4. Use public opinion to slow down AGI research
Fourth, public opinion is a dangerous instrument. It'd make a lot of folks miserable, to give AGI the same political prominence (and epistemic habits) as climate change research. But I bet it could delay AGI by quite a lot.
5. US commits to using the full range of diplomatic, economic, and military action against those who violate AGI research norms
Fifth, the US has a massive array of policy options for nuclear nonproliferation. These range from sanctions (like the ones crippling Iran's economy) to war. Right now, these aren't an option for AGI, because the foreign policy community doesn't understand the threat of misaligned AGI. If we communicate clearly and in their language, we could help them understand.
What now?
I don't know whether the grim model in Eliezer's interview is true or not. I think it's really important to find out.
If it's false (alignment efforts are likely to work), then we need to know that. Crying wolf does a lot of harm, and most of the interventions I can think of are costly and/or destructive.
But if it's true (current alignment efforts are doomed), we need to know that in a legible way. That is, it needs to be as easy as possible for smart people outside the community to verify the reasoning.
*Eliezer says his timeline is "short," but I can't find specific figures. Nate Soares gives a very substantial chance of 2 to 20 years and is 85% confident we'll see AGI by 2070
**Wild guess, loosely based on Price's Law. I think this works as long as we're nowhere close to exhausting the pool of smart/motivated/creative people who can contribute
After seeing a number of rather gloomy posts on the site in the last few days, I feel a need to point out that problems that we don't currently know how to solve always look impossible. A smart guy once pointed out how silly it was the Lord Kelvin claimed "The influence of animal or vegetable life on matter is infinitely beyond the range of any scientific inquiry hitherto entered on." Kelvin just didn't know how to do it. That's fine. Deciding it's a Hard Problem just sort of throws up mental blocks to finding potential obvious solutions.
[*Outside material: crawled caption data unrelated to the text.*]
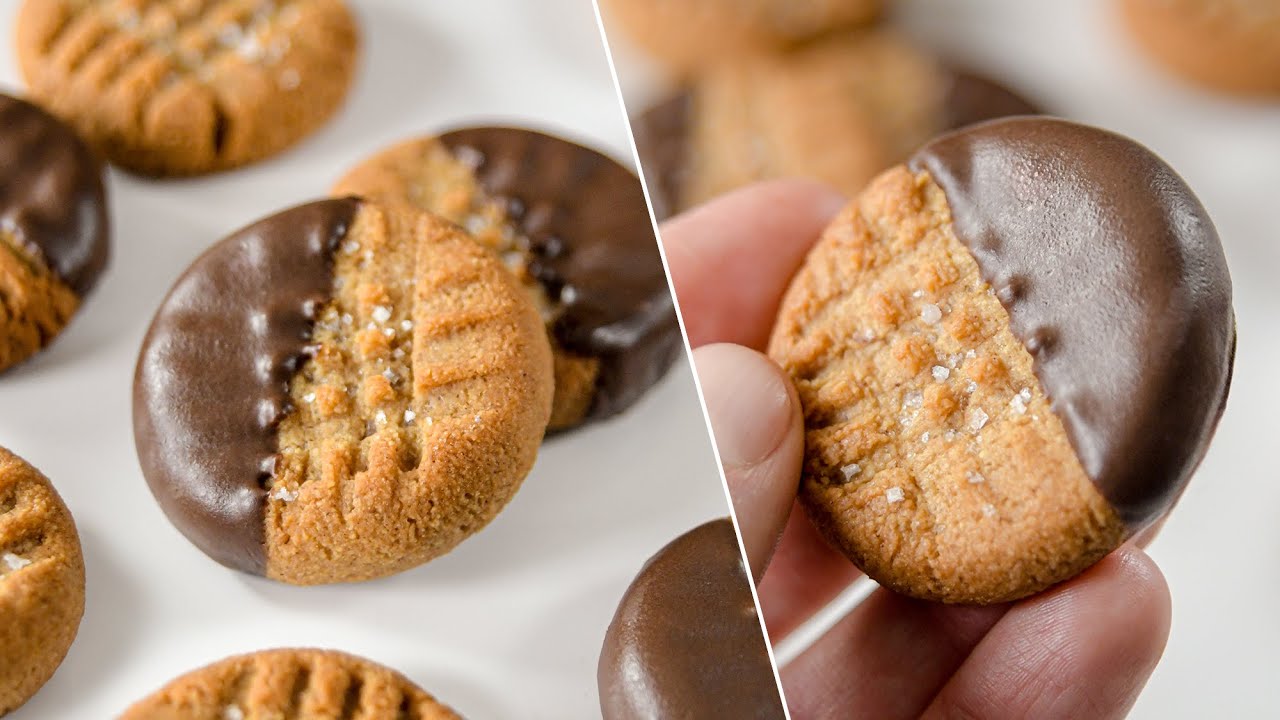 Без муки, сахара и масла! АРАХИСОВОЕ ПЕЧЕНЬЕ | кето рецепт Peanut Butter Cookies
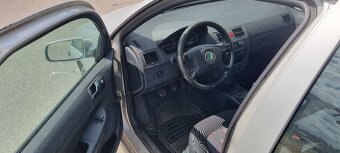skoda fabia 1.2 LPG - 6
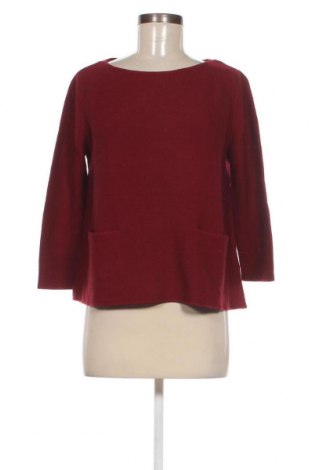 Дамски пуловер COS, Размер M, Цвят Червен, Цена 34,10 лв.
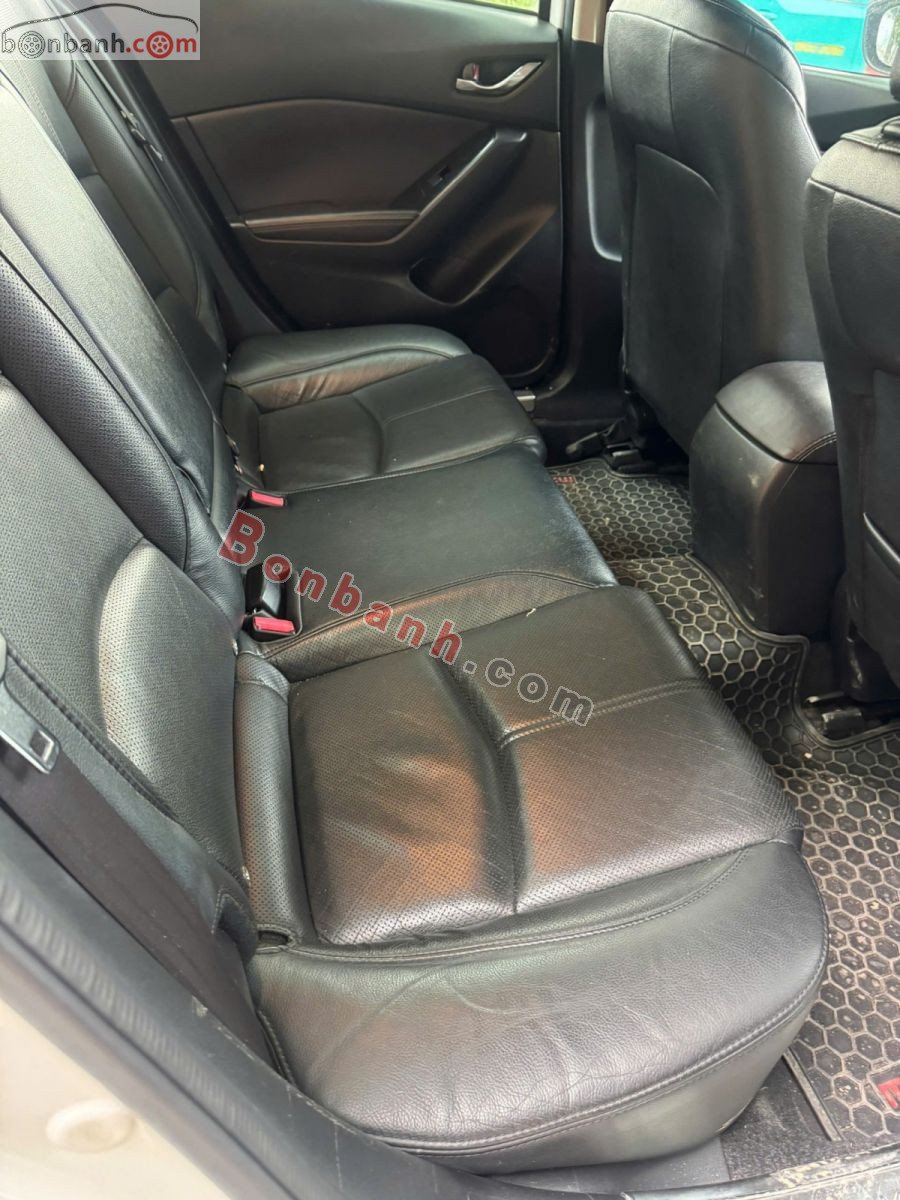 Bán ô tô Mazda 3 1.5 AT - 2017 - xe cũ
Maybe alignment will seem really easy in retrospect. Maybe it's the sort of thing that requires only two small insights that we don't currently have. Maybe we already have all the insights we need and somebody just needs to connect them together in a non-obvious way. Maybe somebody has already had the key idea, and just thought to themselves, no, it can't be that simple! (I actually sort of viscerally suspect that the lynchpin of alignment will turn out to be something really dumb and easy that we've simply overlooked, and not something like Special Relativity.) Everything seems hard in advance, and we've spent far more effort as a civilization studying asphalt than we have alignment. We've tried almost nothing so far.
In the same way that we have an existence-proof of AGI (humans existing) we also have a highly suggestive example of something that looks a lot like alignment (humans existing and often choosing not to do heroin), except probably not robust to infinite capability increase, blah blah.
The "probabilistic mainline path" always looks really grim when success depends on innovations and inventions you don't currently know how to do. Nobody knows what probability to put on obtaining such innovations in advance. If you asked me ten years ago I would have put the odds of SpaceX Starship existing at like 2%, probably even after thinking really hard about it.
When I look at the world today, it really doesn't seem like a ship steered by evolution. (Instead it is a ship steered by no one, chaotically drifting.) Maybe if there is economic and technological stagnation for ten thousand years, then maybe evolution will get back in the drivers seat and continue the long slow process of aligning humans... but I think that's very much not the most probable outcome.